JESÚS SÁNCHEZ CAMACHO | Periodista
El 7 de diciembre de 2015, la plaza de San Pedro ultimaba los detalles para el inicio del Jubileo de la Misericordia, cincuenta años después de la clausura del Concilio Vaticano II. Ese mismo día, la misericordia del millonario presbiteriano Donald Trump brillaba por su ausencia. El candidato republicano, que ha sugerido edificar un muro entre las fronteras de Estados Unidos y México, trazó otra política de exclusión: la suspensión temporal de la entrada de musulmanes al país. La medida solo podía asombrar a quienes desconocían que, días antes, el magnate había propuesto prohibir la entrada a refugiados sirios, ya que podrían ser “un caballo de Troya”.

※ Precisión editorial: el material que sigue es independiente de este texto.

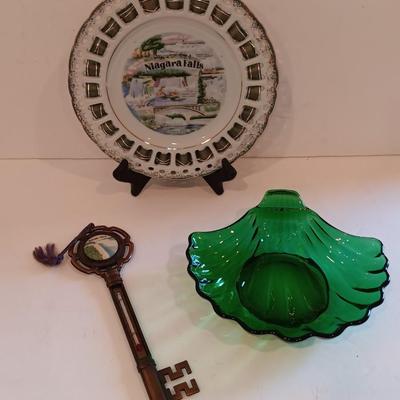 Vintage Niagra Falls Souvenir Key & plate with green clam shaped glass dish.
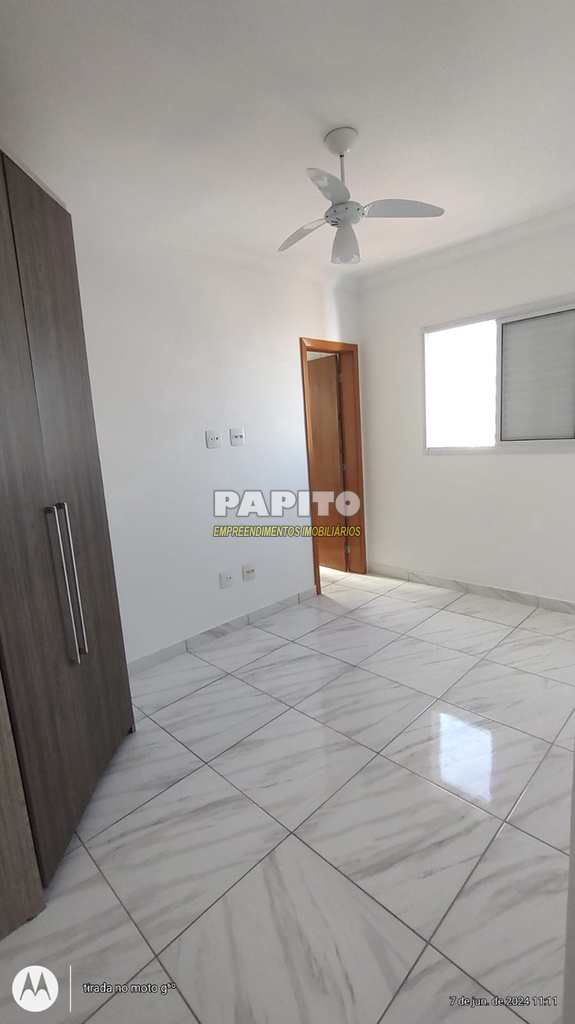 Apartamento em Praia Grande, no bairro Mirim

Esta visión tropieza con dos documentos aprobados el 8 de diciembre de 1965, implícitamente presentes en la sociedad norteamericana. Primeramente, se topa con la declaración sobre la libertad religiosa, Dignitatis humanae, practicada en un país cuyo censo no recopila datos basados en la religión de los ciudadanos. En segundo lugar, repele el espíritu de la declaración sobre las religiones no cristianas, Nostra aetate, en una nación con un marcado componente interreligioso.
Trump ha caído en la trampa del autodenominado Estado Islámico, que desea desunir a Occidente. Al menos, los demás líderes republicanos se han desmarcado de unas declaraciones que, hechas por un presidente, podrían tomar cuerpo en una guerra más allá del alcance nacional.